For a string s of length k let I(s) be the transducer that maps each character in s to itself; i.e., the i-th transition in I(s) has input and output label s(i). I(s) represents the word segmented into characters. Further, let T(s) be the transducer that maps the sequence of characters in s to s; i.e., the first transition in T(s) has input s(1) and output s, and the i-th transition, where i≠1, has input s(i) and output ε. T(s) represents the transduction of the spelled form of the word to the word itself. For a set of strings S, we define

$$ T(S)=\underset{s\in S}{\oplus }T(s)$$

where ⊕ is the union operation on transducers. T(S) therefore represents the transduction of the spelling of the word to the word itself for the whole vocabulary. Figure 8.2 illustrates the operation of T(⋅).

Fig. 8.2
figure 00082

T(S) for the set of words S  =  {my,  space,  myspace,  lay,  outs,  layouts} where ‘{ eps}’ denotes ε

The queries in Q and their frequencies are used to train an LM L BASE. Let V BASE be its vocabulary. We build the decompounder as follows:

  1. 1.

    For each u  ∈  U, define N(u) as,

    $$ N(u)=\text{bestpath}{(}I(u)\circ T*({V}_{\text{BASE}})\circ {L}_{\text{BASE}})$$
    (8.5)

    where ‘ ∗  ’ is the Kleene Closure, and ‘  °  ’ is the composition operator.

  2. 2.

    \( N(U)=\underset{u{\epsilon}U}{\oplus }N(u)\) is the URL decompounder.

The transducer I(u)  °  T  *  (V BASE) in (8.5) represents the lattice of all possible segmentations of u using the words in V BASE, where each path from the start state to a final state in the transducer is a valid segmentation. The composition with the LM L BASE scores every path. Finally, N(u) is the path with the highest probability; i.e. the most likely segmentation.

As an example, Fig.  8.3 depicts I(u)  °  T  *  (V BASE) for u  =  myspacelayouts. Each path in this lattice is a valid decomposition, and in Table 8.3 we list a sample of these paths. After scoring all the paths via the composition with L BASE, we choose the best path to represent the spoken form of the URL.

Table 8.3 Sample segmentations from Fig.  8.3. The one in bold represents the highest probability path as determined by the composition with L BASE
Fig. 8.3
figure 00083

The lattice I(u)  °  T  *  (V BASE) of all possible segmentations for u  =  myspacelayouts using words in V BASE

Language Model Refinement

Query Stream Non-stationarity

Our first attempt at improving the language model was to use more training data: we used a significantly larger amount of training data (BIG) vs. the most recent 230  billion (230B) prior to September 2008. The 230B corpus is the most recent subset of BIG. As test data we used a random sample consisting of 10k queries from Sept to Dec 2008.

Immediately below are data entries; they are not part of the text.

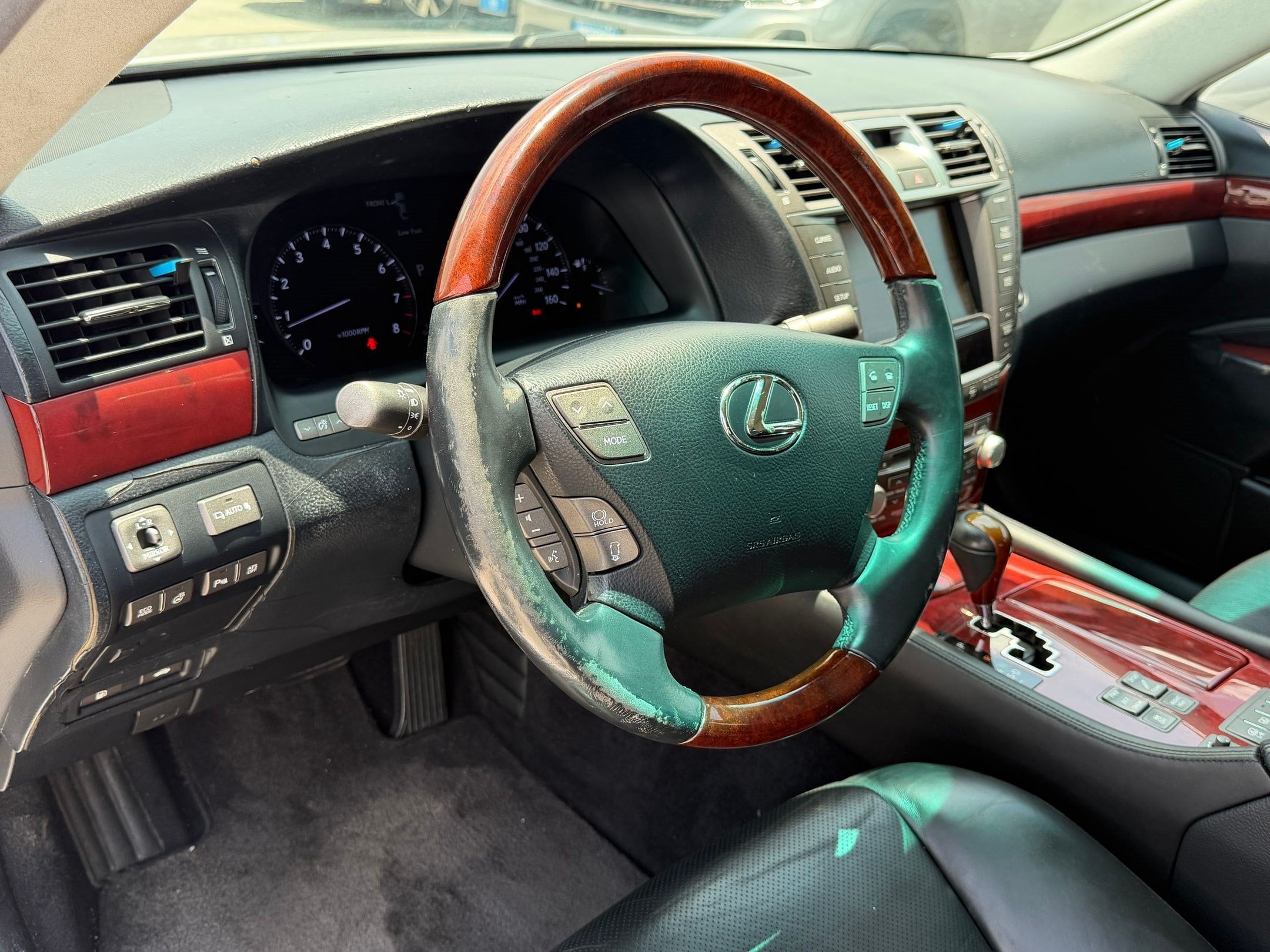 LS 460 L Sedan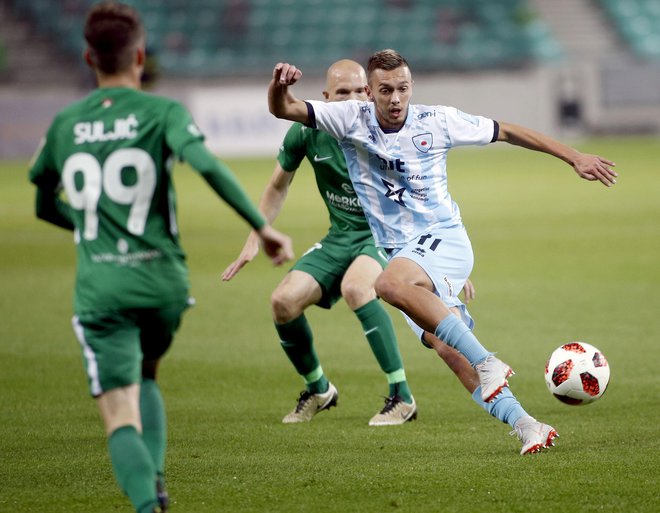 Andrija Filipović (desno) je dokončal veliki zasuk Goričanov, ki jim je gorizl že osmi zapoiredni poraz, nazadnje pa so zmagali prvič letos. FOTO: Roman Šipić/Delo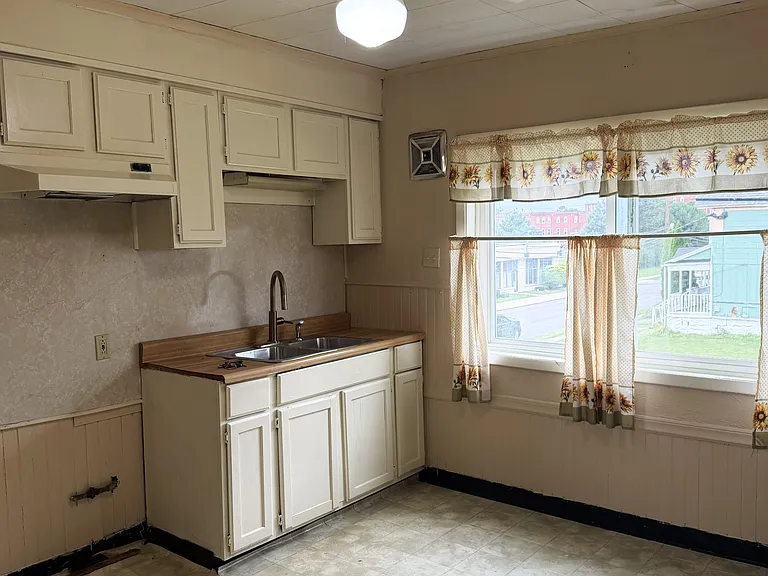 96 Dewey Ave #2 — Photo 1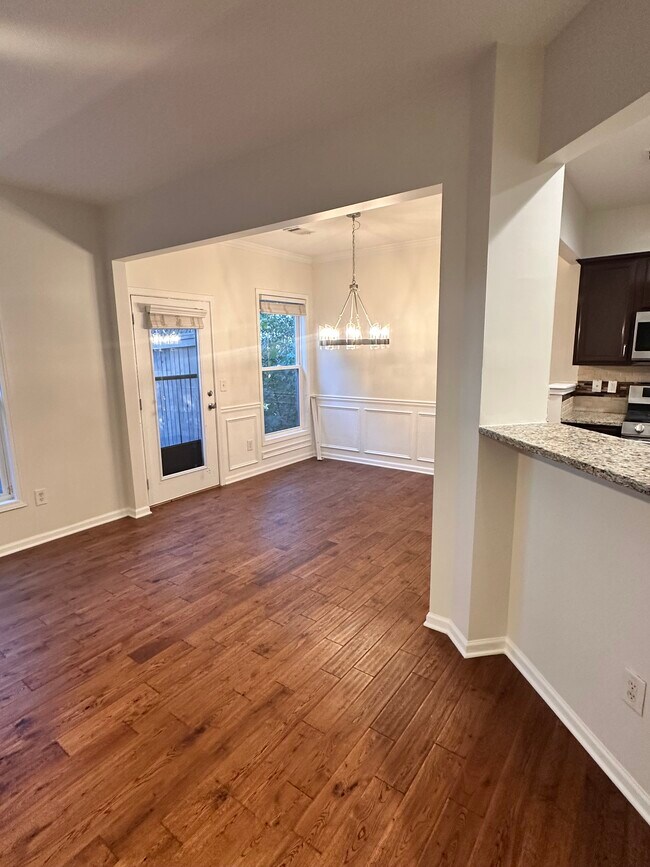 Foto del edificio - 1624 Caswell Pkwy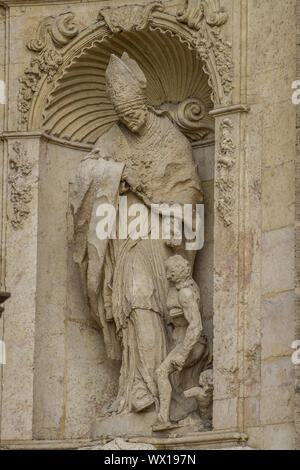 Ornamente und Skulpturen der Gotik, spanischen alte Kunst Stockfoto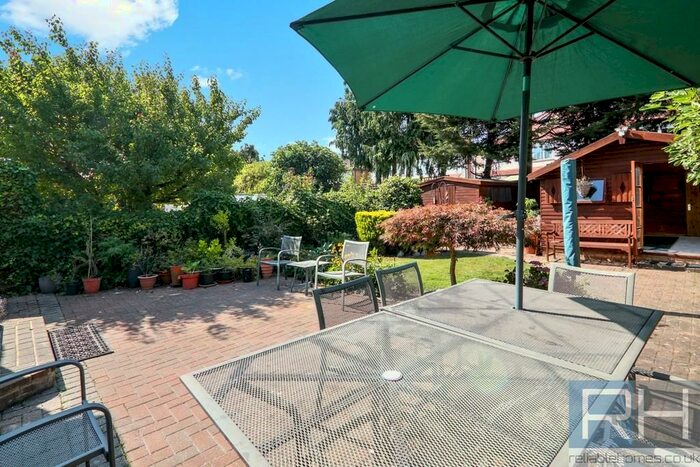 4 Bedroom Detached House To Rent In Bramley Road, Southgate, London, N14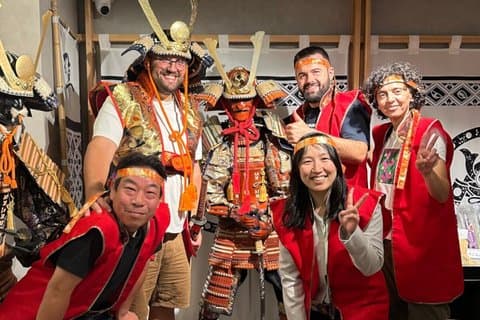 Sushi-fremstilling med interaktiv samuraioplevelse på JIN-ASAKUSA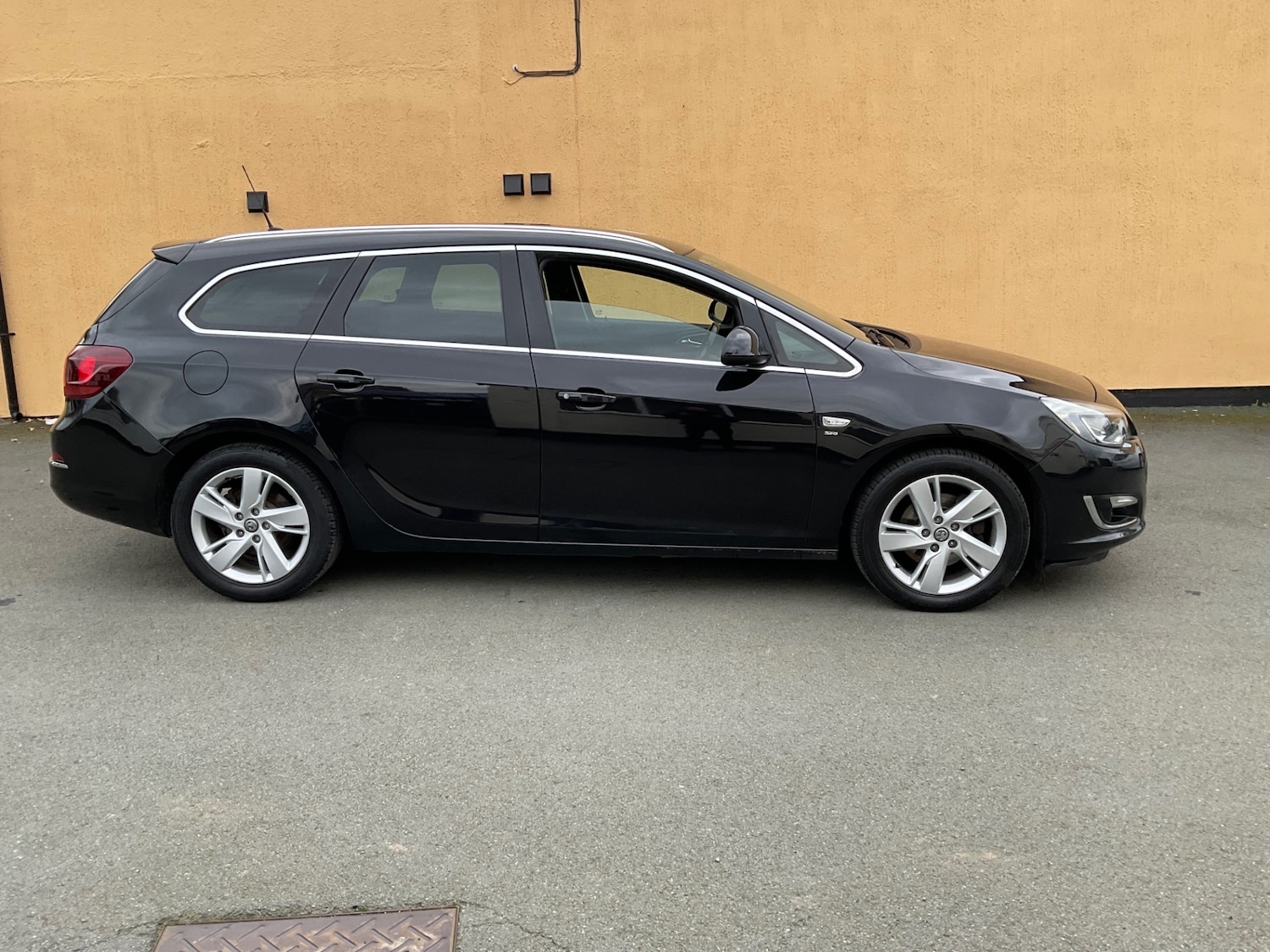Used Vauxhall Astra 2013 for sale - 77818529: Photo 2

The first somewhat surprising finding was that this had very little impact in OOV rate for 1M word vocabulary: 0.77% (230B vocabulary) vs. 0.73% (BIG vocabulary). Perhaps even more surprising however is the fact that the significantly larger training set did not yield a better language model, despite the training data being clearly well matched, as illustrated in Table 8.4. In fact, we observed a significant reduction in PPL (10%) when using the more recent 230B data. Pruning masks this effect, and the differences in PPL and WER become insignificant after reducing the language model size to approximately 10  million 3-g.

Table 8.4 Pruned and unpruned 3-g language model perplexity when trained on the most recent 230 billion words, and a much larger amount of training data prior to test data, respectively

Since the vocabulary, and training data set change between the two rows, the PPL differences need to be analyzed in a more careful experimental setup.

A superficial interpretation of the results seems to contradict the “there’s no data like more data” dictum, recently reiterated in a somewhat stronger form in Banko and Brill (2001), Och (2005) and Halevy et al. (2009).

Our experience has been that supply of “more data” needs to be matched with increased demand on the modeling side, usually by increasing the model capacity—typically achieved by estimating more parameters. Experiments reported in section “Effect of Language Model Size on Speech Recognition Accuracy” improve performance by keeping the amount of training data constant (albeit very large), and increasing the n-gram model size by adding more n-grams at fixed n, as well as increasing the model order n. As such, it may well be the case that the increase in PPL for the BIG model is in fact due to limited capacity in the 3-g model.

More investigation is needed to disentangle the effects of query stream non-stationarity from possible mismatched model capacity issues. A complete set of experiments needs to:

  • Let the n-gram order grow as large as the data allows;

  • Build a sequence of models trained on exactly the same amount of data obtained by sliding a time-window of varying length over the query stream, and control for the ensuing vocabulary mismatches.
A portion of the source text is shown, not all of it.